Indeed, in UNIX file system, we can create files with holes between data block pointers. Holes are unallocated spaces. We can allocate data by writing to holes.

For example, there can be an inode with most block entries set to 0, and one entry pointing to block 57.

Below is one such example

$echo x | dd seek = 1000000000 bs = 1000000 > file

This command performs an lseek of billion times million and write x followed by a newline at the end of billion times million offset.

Therefore, a new file is created that has a lot of holes and a large size.

However, if we perform ls command with –ls option to print the allocated size of the file in blocks.

$ls -ls file

: 16 -rw-r—r ….

ls –ls command returns 16, since we did not actually allocate that much data.

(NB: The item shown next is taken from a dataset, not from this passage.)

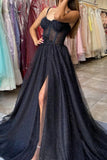 shiny black tulle long prom dress with appliques slit evening gown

Now, let’s summarize important advantages and disadvantages of UNIX file system.

Advantages

lseek operation is much faster than FAT file system, since the blocks that form a file can be found instantly via inode table.
The utilization increases with increasing block size, since each block only takes up one bit on the bitmap.
Even if bitmap field is corrupted, the actual data is intact, since inode table stores information about which blocks are in use.
Therefore, by looking through those blocks in the inode, we can recover corresponding bits in the bitmap.

Disadvantages

Since the file system must iterate through the entire bitmap field to see which bits are free, searching a free block for allocation is quite expensive.